『魚にも自分がわかる 動物認知研究の最先端』幸田正典(ちくま新書2021年)
■ 久しぶりに知的好奇心を刺激されるおもしろい本と出会った。
魚類の脳の構造はヒトの脳の構造と同じと書いてある(22頁)。中学のときかな、単純な魚の脳に、次第に新たな脳が加わって哺乳類の複雑な脳ができたと教わったと思う。でも、そうではなくて、魚もカエルも鳥も同じ構造だというのだ。それが今世紀に入ってからの脳の捉え方だという。脳の構造が同じであれば機能も同じと考えるのが自然だろう、その性能には差があるだろうが。

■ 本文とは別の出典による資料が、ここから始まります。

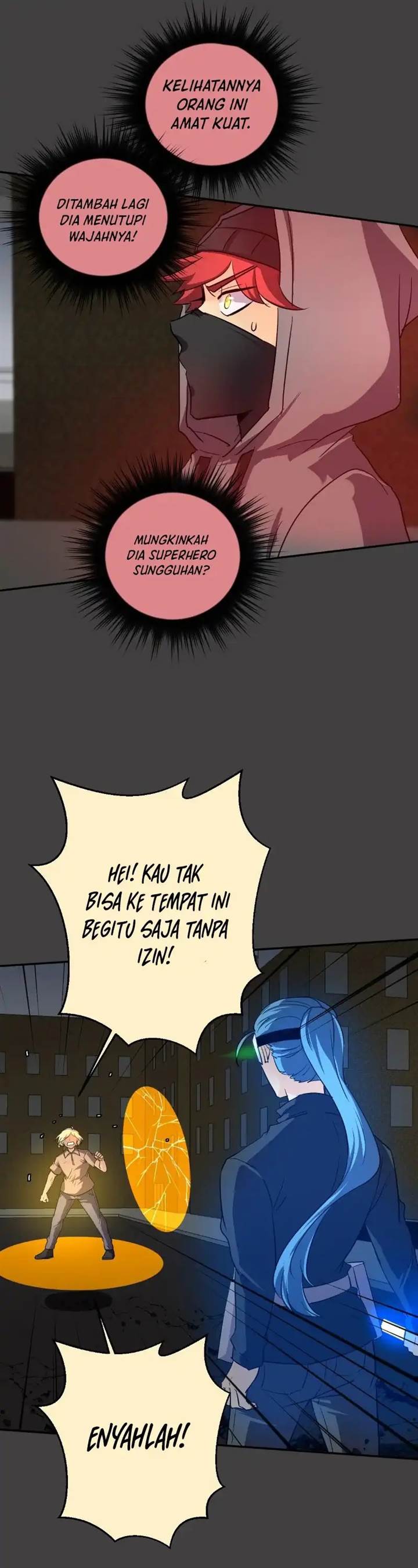 unOrdinary Chap 198 - Next Chap 199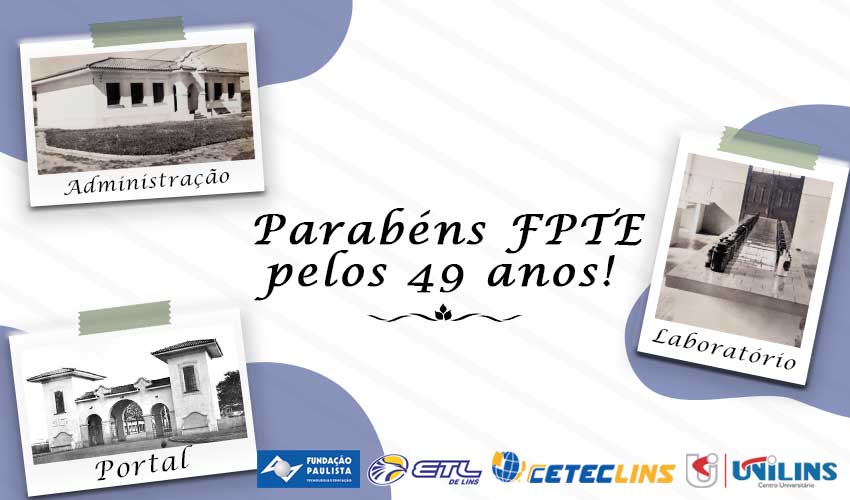 Parabéns FPTE - ETL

魚も相手個体の顔を見て個体識別をしているとのこと(46頁)、そう、ヒトと同じように。え、そんなことをどうやって実証したのかな? 本書で著者はこの疑問に対して、なるほど!な実験方法と実験結果を紹介し、実験結果についても注意深く論考している。さらに魚も鏡像自己認知ができるということも紹介している。そう、鏡に映る魚が自分だと分かるというのだ。本書の第四章の章題は「魚類ではじめて成功した鏡像自己認知実験」。
本書はロジカルな展開で理解しやすい。ちょうど半分くらいまで読み進んだ。この本は年末に挙げる「今年の3冊」の1冊になると思う。